A function \(y\in C(J,\mathbb{R})\) is a solution of inequality (3) if and only if there exists a function \(g\in C(J,\mathbb{R})\) (which is not dependent on y) such that (i) \(|g(t)|\leq\epsilon\), \(t\in J\), (ii) \({}^{\mathrm{c}}D_{t}^{\alpha}y(t)=\lambda y(t)+f(t,y(t))+g(t)\), \(t\in J\).

Lemma 2.4

Let \(y\in C([0,\infty),\mathbb{R})\) be a solution of inequality (3).
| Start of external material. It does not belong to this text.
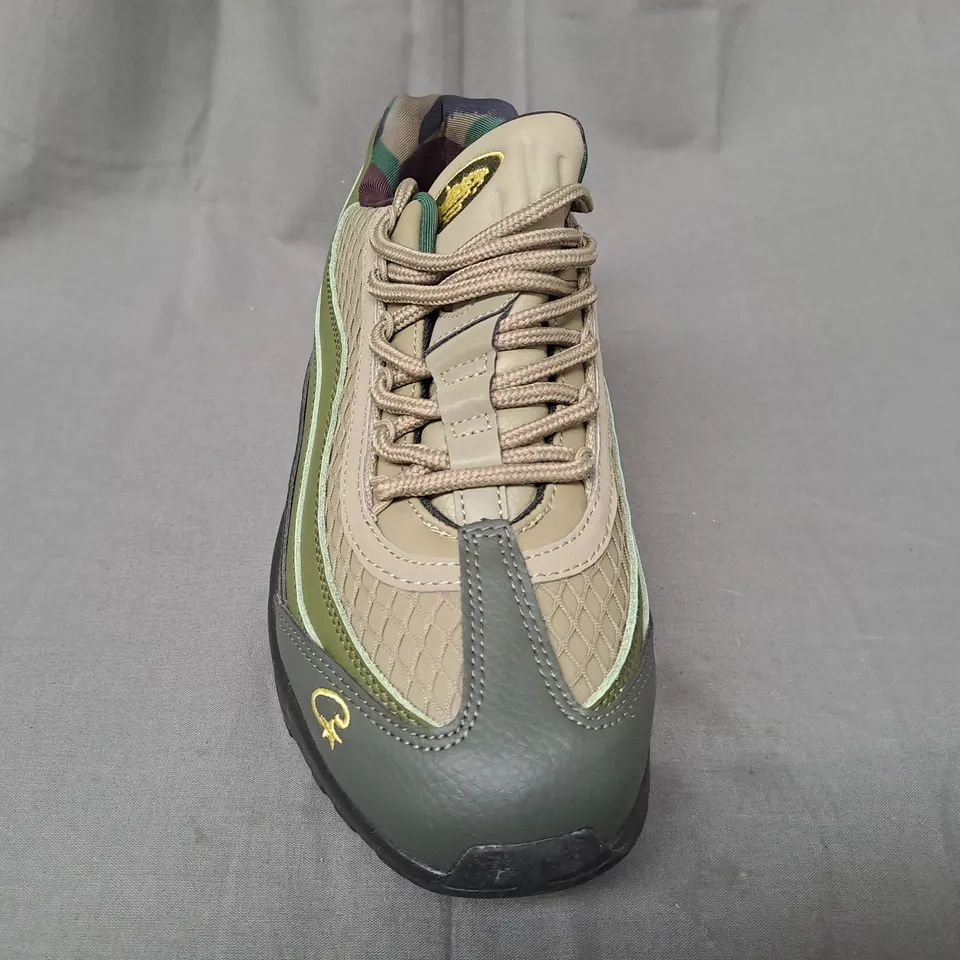 BOXED PAIR OF NIKE AIR MAX 95 SP SHOES IN GREEN/BLACK UK SIZE 9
Then y is a solution of the following integral inequality:

$$\begin{aligned}& \biggl\vert y(t)-\mathbb{E}_{\alpha}\bigl(\lambda t^{\alpha}\bigr)y(0)- \int_{0}^{t}(t-s)^{\alpha-1} \mathbb{E}_{\alpha,\alpha}\bigl(\lambda (t-s)^{\alpha}\bigr)f\bigl(s,y(s) \bigr)\, ds\biggr\vert \\& \quad \leq \int_{0}^{t}\frac{m(\alpha,\lambda)\epsilon}{(t-s)^{\alpha+1}}\, ds+ \frac{e^{\lambda^{\frac{1}{\alpha}}t}\epsilon}{\alpha\lambda }, \quad t\in [0,\infty). \end{aligned}$$

Proof

Indeed, by Remark 2.3, we have

$${}^{\mathrm{c}}D_{t}^{\alpha}y(t)=\lambda y(t)+f\bigl(t,y(t) \bigr)+g(t),\quad t\in[0,\infty). $$

From pp.140-141, (3.1.32)-(3.1.34) in [13] we have

$$\begin{aligned} y(t) =&\mathbb{E}_{\alpha}\bigl(\lambda t^{\alpha}\bigr)y(0)+ \int _{0}^{t}(t-s)^{\alpha-1}\mathbb{E}_{\alpha,\alpha} \bigl(\lambda (t-s)^{\alpha}\bigr)f\bigl(s,y(s)\bigr)\, ds \\ &{}+\int_{0}^{t}(t-s)^{\alpha-1} \mathbb{E}_{\alpha,\alpha}\bigl(\lambda (t-s)^{\alpha}\bigr)g(s)\, ds,\quad t \in [0,\infty). \end{aligned}$$

For \(t=0\), \(y(0)-\mathbb{E}_{\alpha}(0)y(0)=0<\epsilon\), where we use the fact \(\mathbb{E}_{\alpha}(0)=1\).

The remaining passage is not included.